Founded under former Conservative prime minister Brian Mulroney, the Manitoba-headquartered institute defended its work with the council, arguing the Chinese agency is making a real contribution to the climate-change battle.
“As the world faces the interrelated crises of climate change, pollution, and biodiversity loss — threats that cross all borders and require urgent international cooperation — CCICED has been a meaningful forum for global sustainable development efforts,” the institute said in a statement to the National Post.
Samuel Lafontaine, an Environment Canada spokesman, also called the relationship valuable.
“Existential global environmental challenges cannot be effectively addressed without China’s contribution, given its size, population and carbon-intensive economy,” he said.
Critics, however, see little reason for Canada to essentially help run and finance a Chinese state agency.
It might have made sense decades ago for Ottawa to fund the council as an inducement for Beijing to do the right thing environmentally, but there is “no way” the world’s second-largest economy needs the aid today, said David Mulroney, Canada’s ambassador to Beijing from 2009 to 2012.
Meanwhile, the whole world is paying a price for China’s “addiction” to burning coal, he said. The country continues to build coal-fired generating plants, though they are the biggest emitters of climate-altering carbon.
“Canada’s funding is, I believe, a rather pathetic way of keeping our foot in the door in Beijing,” said Mulroney. “Unfortunately, it also helps sustain the fiction that China is somehow unable to act in its own self-interest, much less in ours.”
While it undoubtedly does some good work on green issues, the CCICED is also the leading organization in China’s campaign to essentially co-opt environmentalists around the world, wrote Jirous in a report last fall for the Washington, D.C.-based Jamestown Foundation. He detailed how some of its top officials have backgrounds in agencies involved in projecting China’s influence globally.
Western environmentalists who work with Chinese groups like the CCICED tend to blunt or avoid sharp criticism of China, his report documented. Greenpeace, on the other hand, has no apparent ties of that sort and seems more than willing to criticize, Jirous wrote.
The International Institute for Sustainable Development says it took on the secretariat role for the Chinese agency after a competitive bidding process run by Environment and Climate Change Canada. But none of the federal money it gets ends up in the coffers of China’s Ministry of Ecology and Environment or any Chinese entities, said a spokeswoman.
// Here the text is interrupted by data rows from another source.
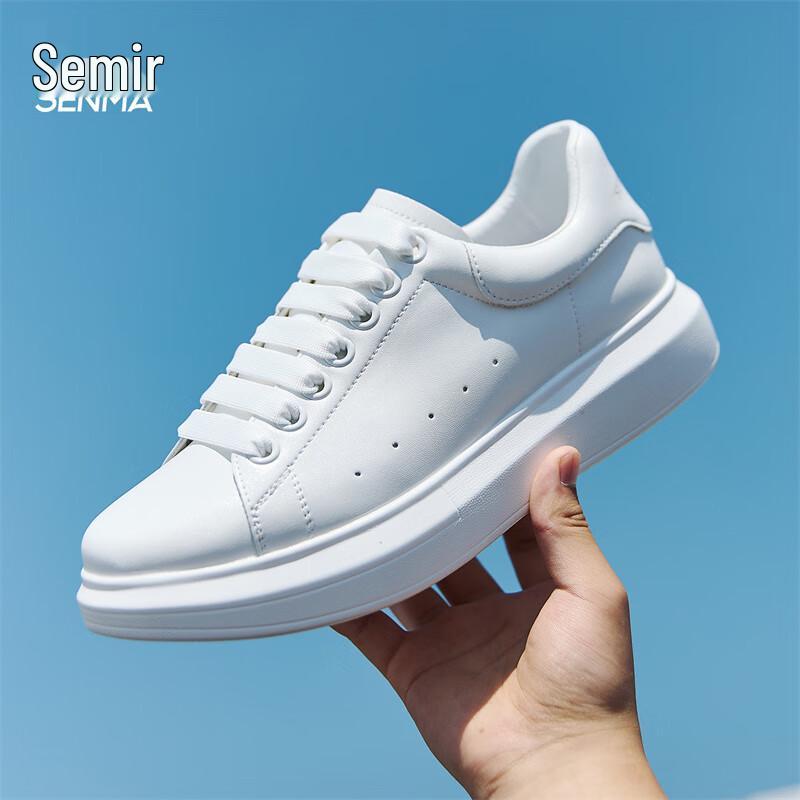 Senma Men s Fashion Breathable Platform Sneakers 43 белый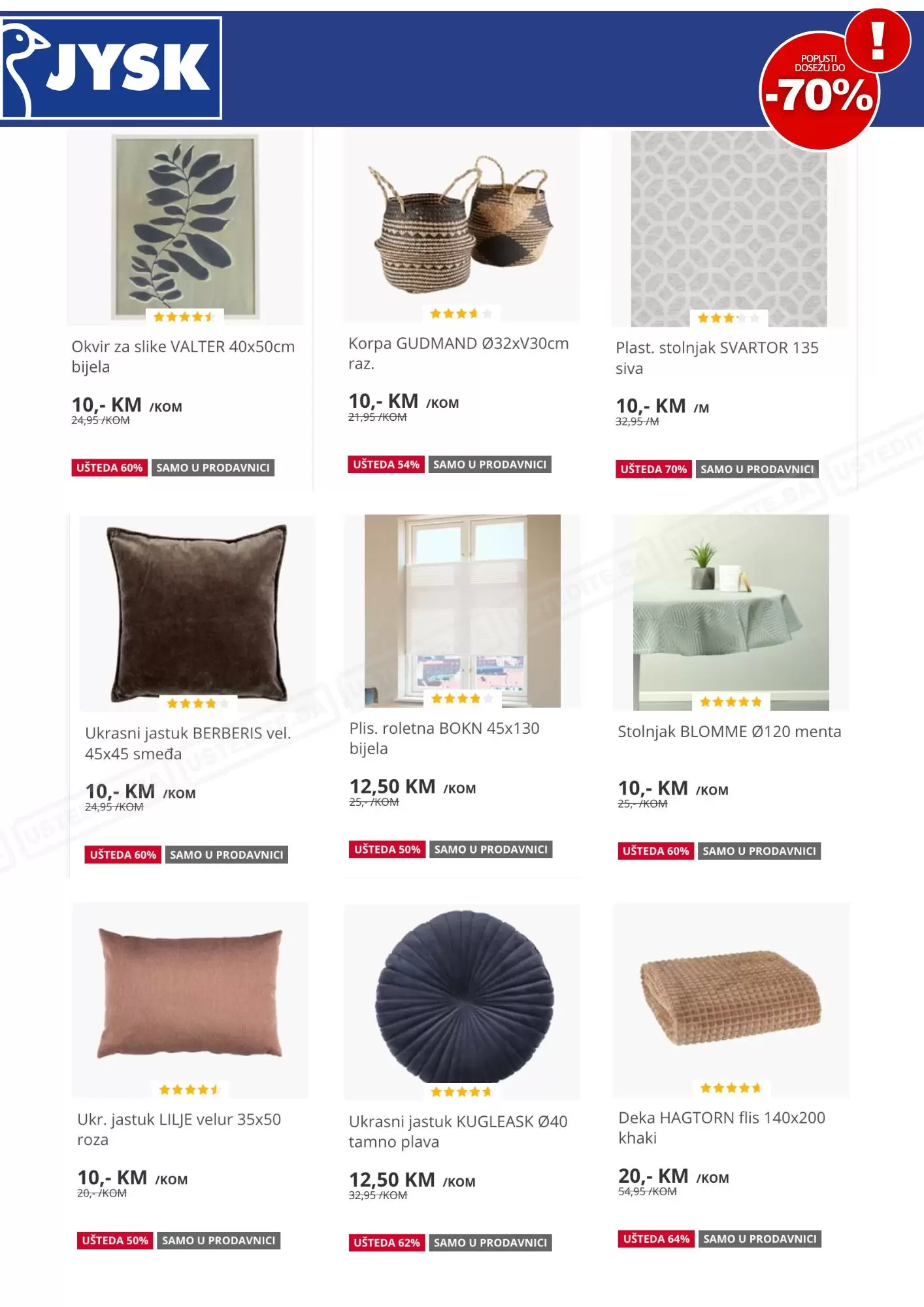 JYSK outlet ⇢SVE SNIŽENO od 50-70%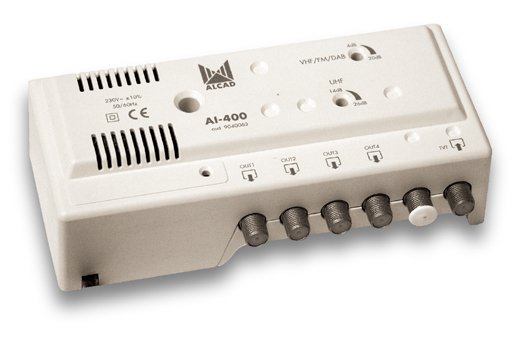AI-400 · Amplificador para interior 1 entrada, 4 salidas, UHF (G=28 dB) - VHF/BS (G=20dB)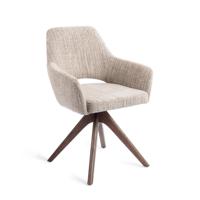 Jesper Home Yanai eetkamerstoel Caramel Grid revolve oak walnut - thumbnail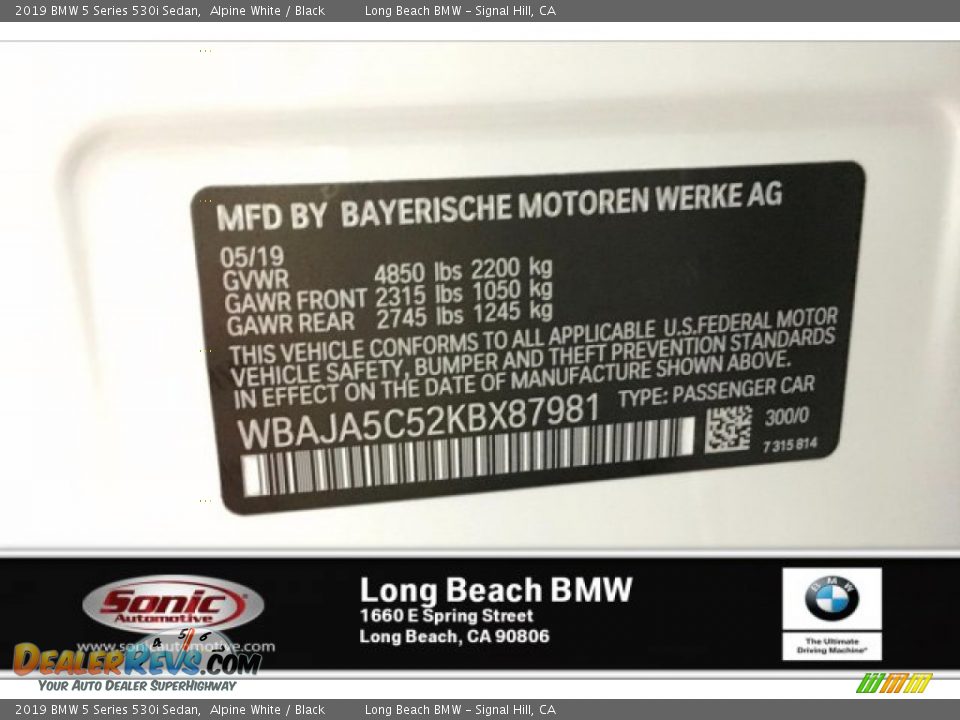 2019 BMW 5 Series 530i Sedan Alpine White / Black Photo #11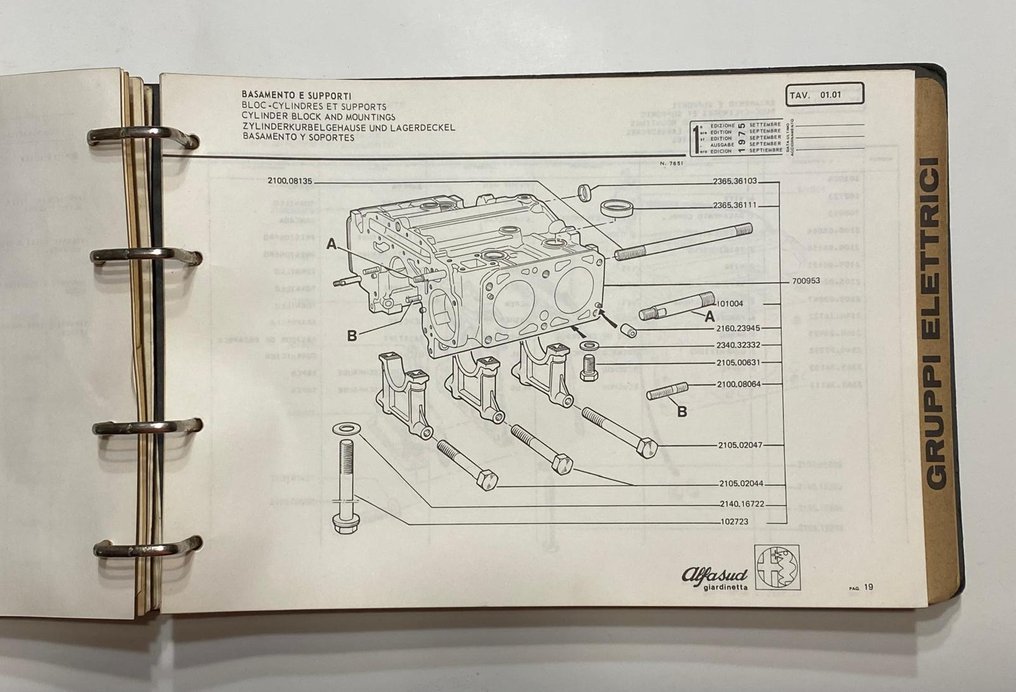 ALFA ROMEO original spare parts catalog for Alfasud 1976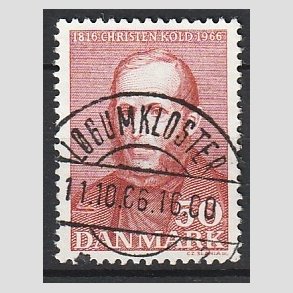 FRIM�RKER DANMARK | 1966 - AFA 444 - Christen Kold - 50 �re brunr�d - Pragt Stemplet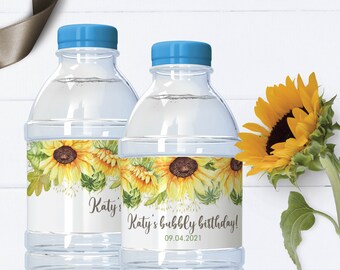 Printable OR Printed Sunflower Wedding Water Bottle Labels Rustic ...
Neither China nor Canada is a standout in the preeminent environmental issue of the day — the drive to reduce the greenhouse gas emissions that climate scientists say are heating the Earth to dangerous levels. Both countries earn a “highly insufficient” rating from the Climate Action Tracker group.
China does have the distinction of being by far the world’s largest generator of carbon dioxide emissions, with the United States second — but first per capita — and Canada 11th, according to 2021 data on the Statista website. Though Beijing has invested heavily in renewable energy and electric vehicles, it continues to add new coal-fired generating plants.
But Caroline Brouillette of Climate Action Network Canada defended this country’s work with the council, saying politicians and pundits often use China as a convenient punching bag for climate change, while ignoring their own country’s lack of response.
“We cannot solve the climate crisis without international cooperation — which means continuing engagement, even when tensions are high,” said Brouillette. “CCICED has played an important role in fostering this diplomatic dialogue with China over the years.”